In the process of buying memories, Charlie buys friends. His friendships with Lorraine and crew are rooted in superficiality, and represent part of an unessential past in Charlie’s mind. In retrospect, Charlie sees the craziness of the group’s actions, like the night he had “stolen a tricycle and pedaled Lorraine all over the Étoile between the small hours and dawn” (p. 398). The culture in Paris was so based around money that Charlie could buy everything and feel as if he owned the city. He could perform such reckless, immature, and immoral acts as stealing a tricycle or locking his wife out in the snow because he had no fear of consequences. As long as he kept spending money, Charlie could do no wrong.
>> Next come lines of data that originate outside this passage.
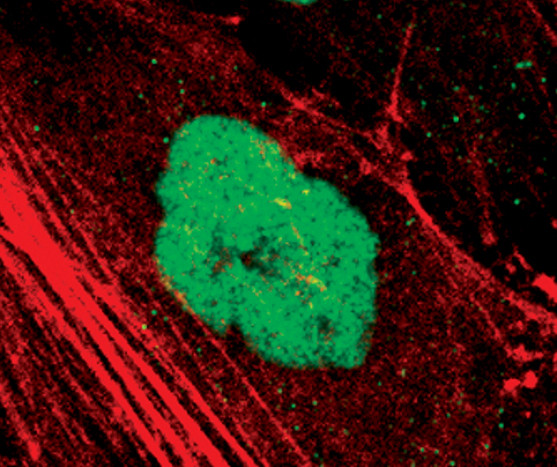 SETD7 Antibody in Immunocytochemistry (ICC/IF)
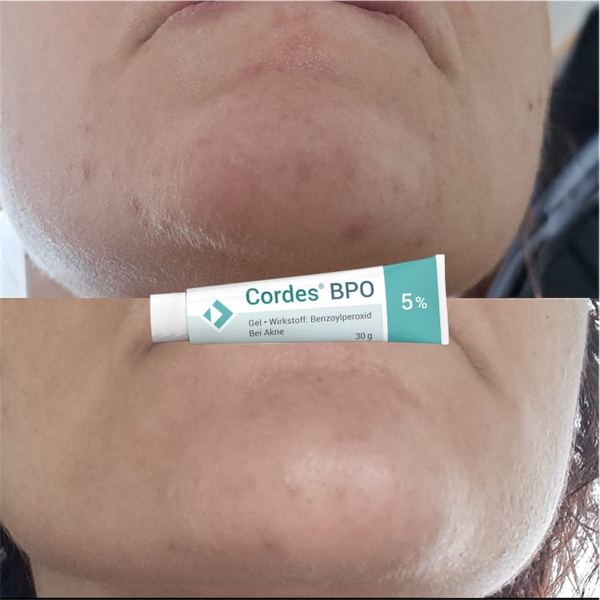 Cordes® BPO 5% Gel – Giải Pháp Giảm Mụn Trứng Cá Cấp Độ Trung Bình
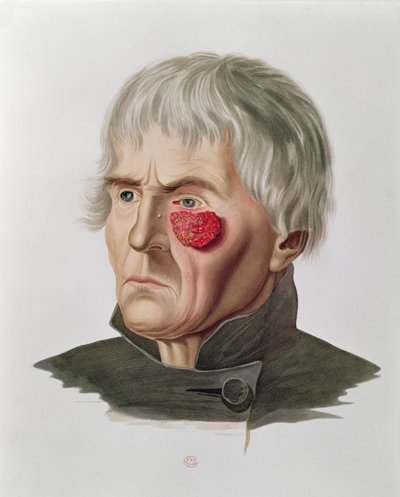 手术前的皮肤病，来自巴黎的Alexander Auvert的Selecta Praxis Medico-Chirurgica，1856年 作者 法语学校
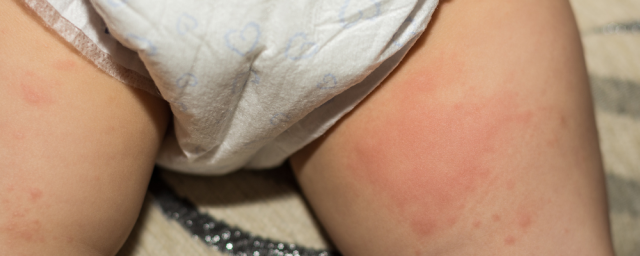 7 Effective Tips On How To Avoid Diaper Rash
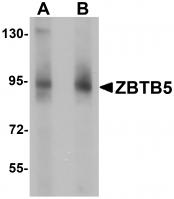 Western blot analysis of ZBTB5 in mouse brain tissue lysate with ZBTB5 antibody at (A) 1 and (B) 2 ug/mL.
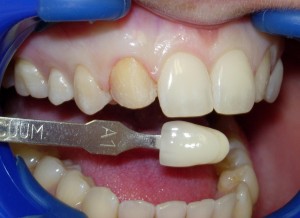 Broken & Chipped Tooth Repair Larchmont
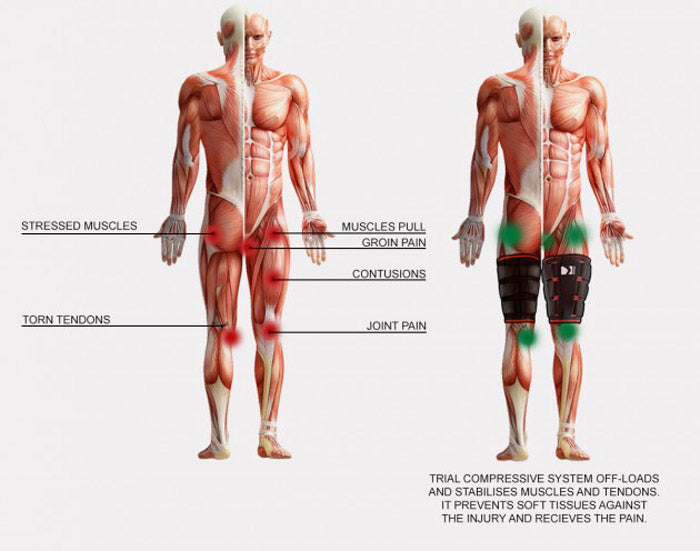 Vendaje de compresión con correas para la rotura muscular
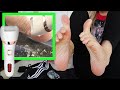 I tried an ELECTRIC FOOT FILE to Remove Hard Skin & Calluses on my Feet.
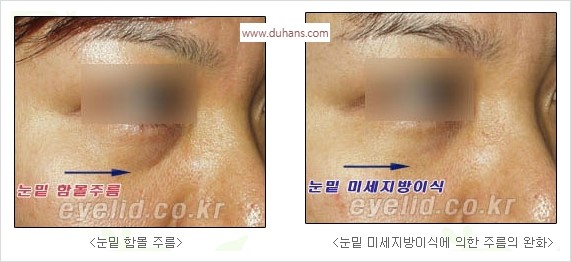 [두한성형외과 경쟁력 눈밑성형] - [눈밑 다크써클 수술 방법] 관련 이미지 13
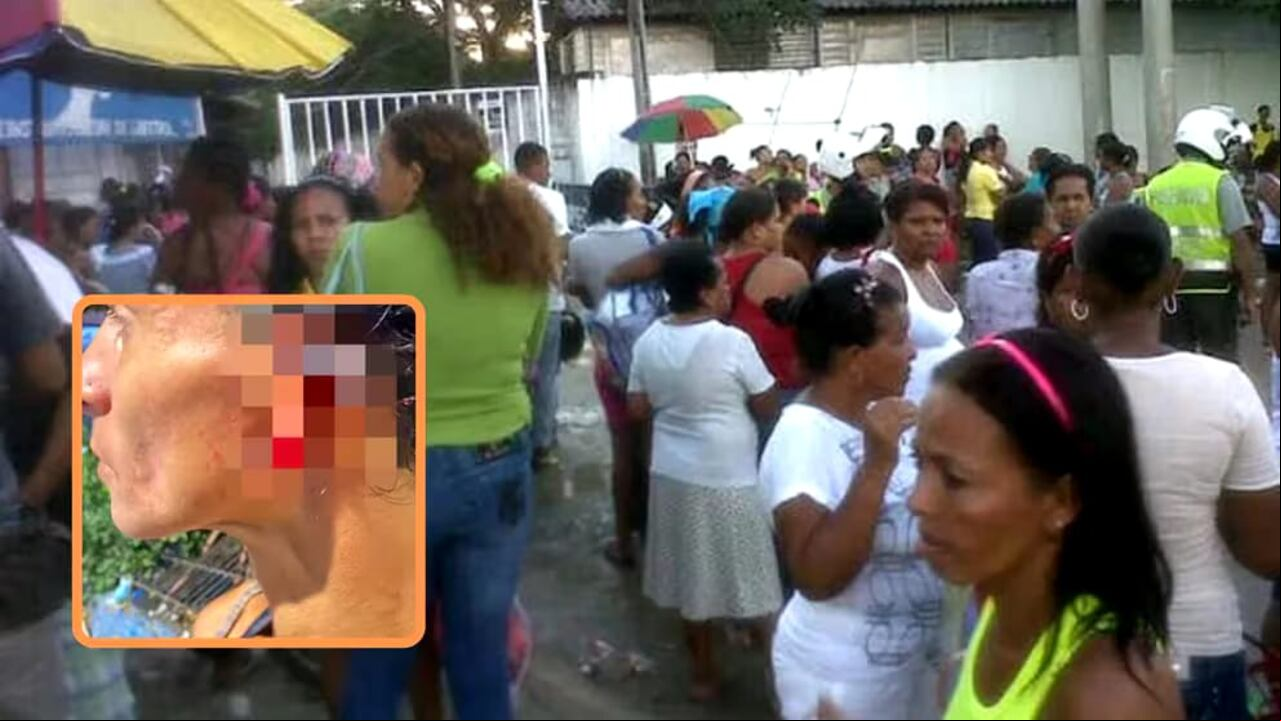 Así quedó la oreja de la afectada.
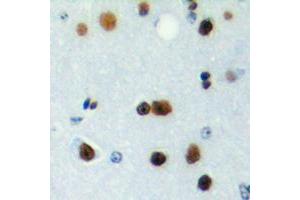 Immunohistochemical analysis of ICER staining in human brain formalin fixed paraffin embedded tissue section. (CREM 抗体  (Center))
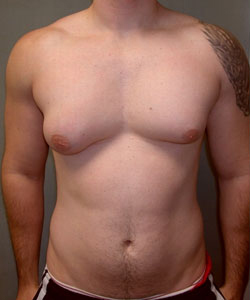 1429711494-Gynecomast-o.jpg
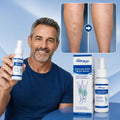 Varicose Veins Relief Spray Vitality Supplement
Yet, even though Charlie sees himself as a completely different man now, memories such as the tricycle incident—described as “one of many”—seem to fit, while memories of his dead wife “didn’t fit in with any other act of his life” (p. 398). The reason for this is simple: the memories with Charlie’s in-crowd were bought; although they are only memories now, Charlie spent so much money on acquiring them that they are, and will forever be, a part of his life. Recollections of his wife, on the other hand, exist only intangibly in Charlie’s mind.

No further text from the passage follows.